Which lines below fall between the one containing "Children's Snow Boots2026New" and the one containing "Elegant Metallic Guld"? Repeat them exactly, counting both of those lines, and add nothing else.

____ EXTRACTED MATERIAL

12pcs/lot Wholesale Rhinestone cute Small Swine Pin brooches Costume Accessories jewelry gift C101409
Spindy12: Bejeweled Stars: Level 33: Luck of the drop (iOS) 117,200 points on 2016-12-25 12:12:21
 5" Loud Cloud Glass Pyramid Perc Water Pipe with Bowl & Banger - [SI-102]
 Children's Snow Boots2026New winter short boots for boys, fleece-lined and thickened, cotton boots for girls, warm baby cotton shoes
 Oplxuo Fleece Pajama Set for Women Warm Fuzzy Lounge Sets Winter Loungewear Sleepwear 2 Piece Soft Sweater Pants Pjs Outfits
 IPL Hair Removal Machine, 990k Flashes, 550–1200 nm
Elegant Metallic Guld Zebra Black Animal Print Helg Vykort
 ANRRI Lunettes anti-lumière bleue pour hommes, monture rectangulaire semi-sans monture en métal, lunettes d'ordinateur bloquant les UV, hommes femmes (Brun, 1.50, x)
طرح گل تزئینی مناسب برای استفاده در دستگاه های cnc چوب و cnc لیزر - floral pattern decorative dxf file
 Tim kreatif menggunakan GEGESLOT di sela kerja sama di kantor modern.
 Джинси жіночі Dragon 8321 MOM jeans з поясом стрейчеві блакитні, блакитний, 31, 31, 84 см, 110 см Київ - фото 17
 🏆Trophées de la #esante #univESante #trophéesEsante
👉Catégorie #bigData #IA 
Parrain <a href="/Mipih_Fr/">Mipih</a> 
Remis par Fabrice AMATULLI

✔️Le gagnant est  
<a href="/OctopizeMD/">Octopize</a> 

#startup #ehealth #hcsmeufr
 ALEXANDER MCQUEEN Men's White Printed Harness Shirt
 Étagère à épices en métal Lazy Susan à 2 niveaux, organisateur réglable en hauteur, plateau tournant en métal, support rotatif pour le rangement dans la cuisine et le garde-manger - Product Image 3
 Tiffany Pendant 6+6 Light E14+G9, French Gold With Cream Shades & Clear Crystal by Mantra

________

OUTPUT FOR THIS EXERCISE
 Children's Snow Boots2026New winter short boots for boys, fleece-lined and thickened, cotton boots for girls, warm baby cotton shoes
 Oplxuo Fleece Pajama Set for Women Warm Fuzzy Lounge Sets Winter Loungewear Sleepwear 2 Piece Soft Sweater Pants Pjs Outfits
 IPL Hair Removal Machine, 990k Flashes, 550–1200 nm
Elegant Metallic Guld Zebra Black Animal Print Helg Vykort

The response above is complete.